How are we suppose to show our daughters how to be treated with respect, 
If we don't first respect ourselves. 
We have to learn self love and get rid of self hate. 
We must teach our children it's not what you say 
It's how you say it. 
And sometimes you have to go down the road of have nots, 
In order to get to the streets of Amen. 
It's not what can be done for you, 
It's what you have done that speaks volumes. 
Don't let a pass hurt hinder your happiness today. 
Don't allow nonsense to get in the way of your victory. 
Nothing good comes easy, 
And anything worth having you have to fight for. 
But through it all it's never a mistake, 
These are all life's lesson's learned.

Positive Thoughts

Step outside your box and expand your mind, you'd be surprised at the journey it can lead too....


We fail because we lack patience. Slow down, proceed with caution,and wait for the green light, then GO!!!! 

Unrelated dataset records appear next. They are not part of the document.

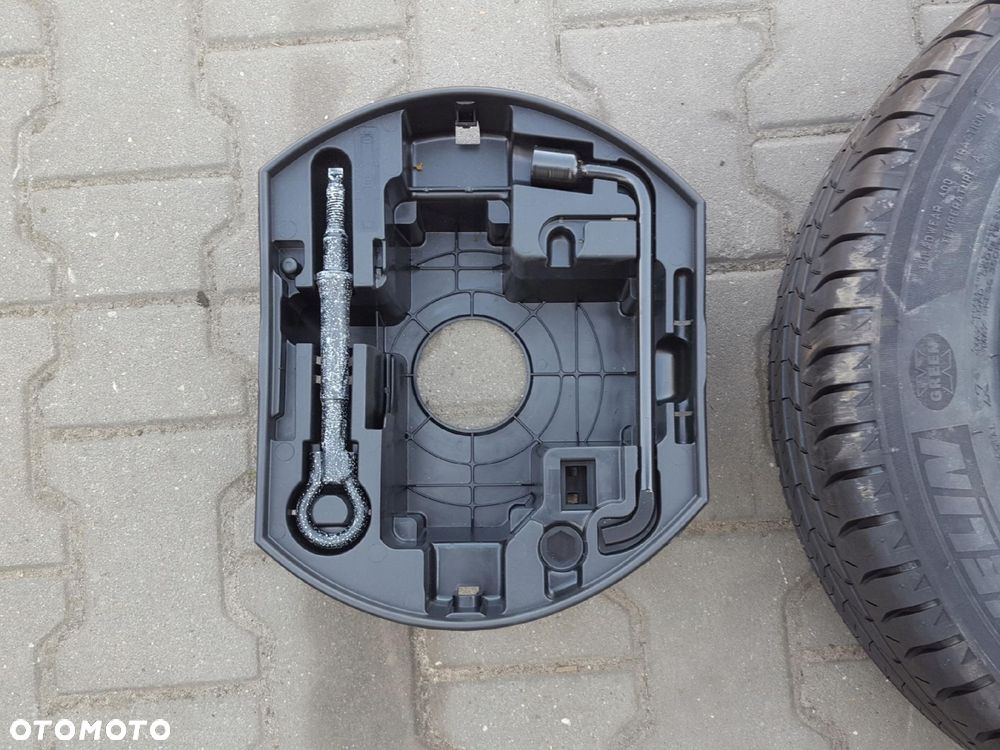 CITROEN C4 CACTUS 14-20r KOŁO ZAPASOWE 15 4X108 UCHO KLUCZ - 2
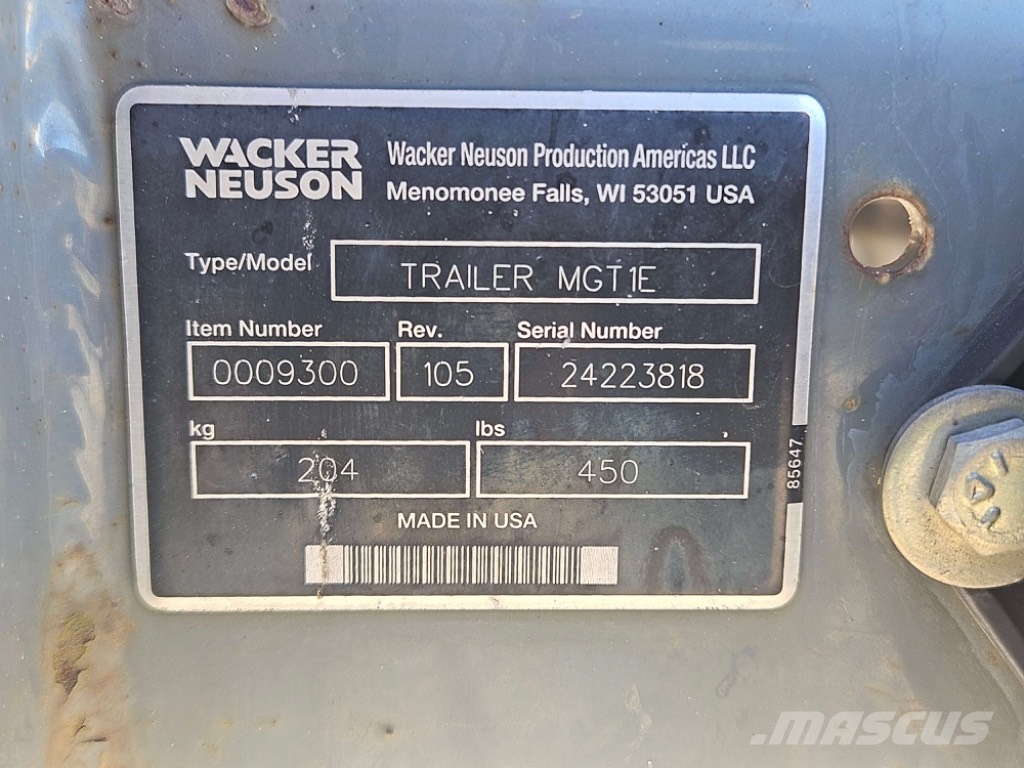 Wacker Neuson G25 مولدات ديزل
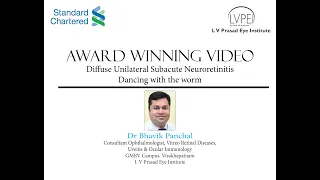 LVPEI Award Winning Video#August 2020#Dr Bhavik Panchal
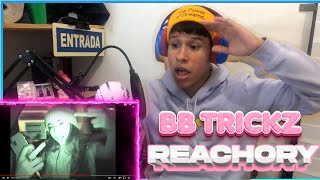 REACCIÓN:  Bb trickz - Treachory | la ice spice española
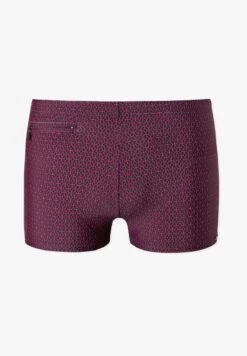 Schiesser AQUA MARINELAND - Badehose Pants - Rot -Badebekleidungsgeschäft 08a0c545a3c2480f902e4b4642e1b48b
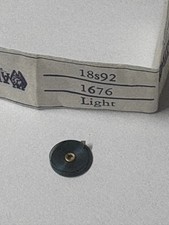 WALTHAM 18 SIZE POCKETWATCH HAIRSPRING 1676 A LIGHT --- STAR 65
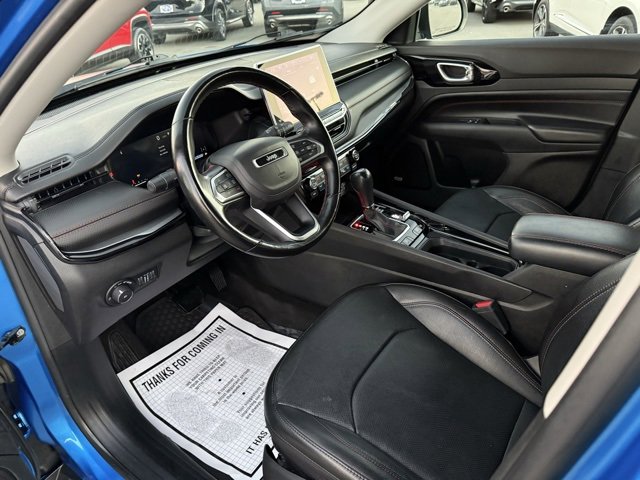 Used 2022 Jeep Compass Trailhawk w/ Trailhawk Elite Group image 16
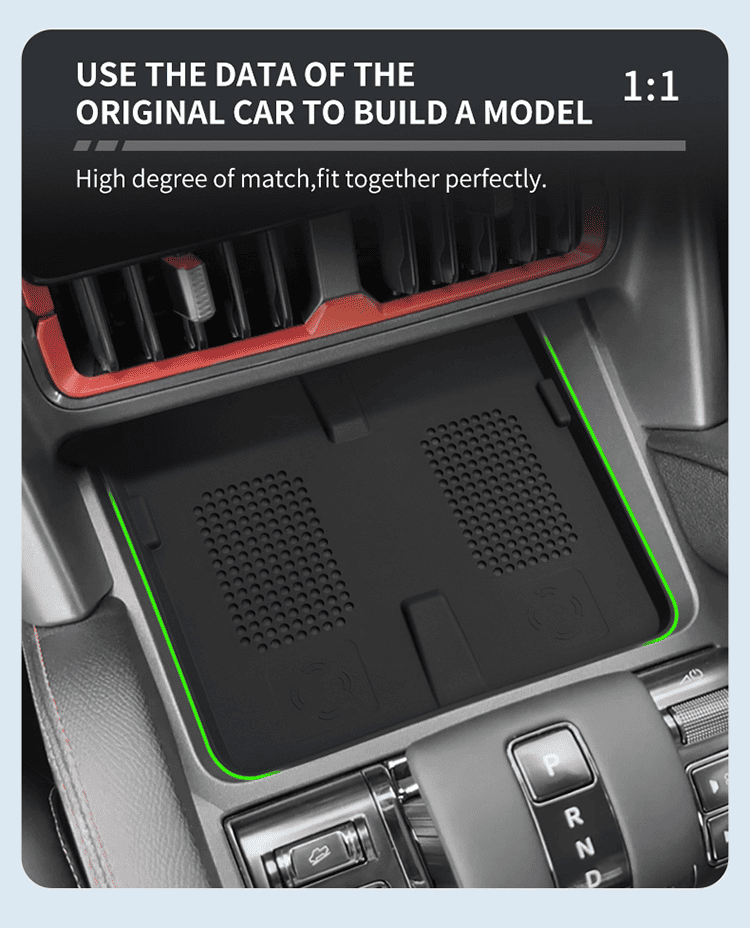 PLACEHOLDER photo — replace with Veltro’s own: wireless charging pad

Plant your seeds (money, tithes, ect.) on fruitful land, and watch the blessings multiply. If you've been in a place(church, a relationship, etc) for some time and you have yet to reap a harvest or a full return. Yet you are faithful and committed and give yourself selflessly.......... It's time to move on to your next destination
If your not walking with me, stop following me to see where I'm going, that’s why you cant get to your destination, you too busy trying to see what my blessings are, and what favor I’m going to get so you can wonder why me and not you!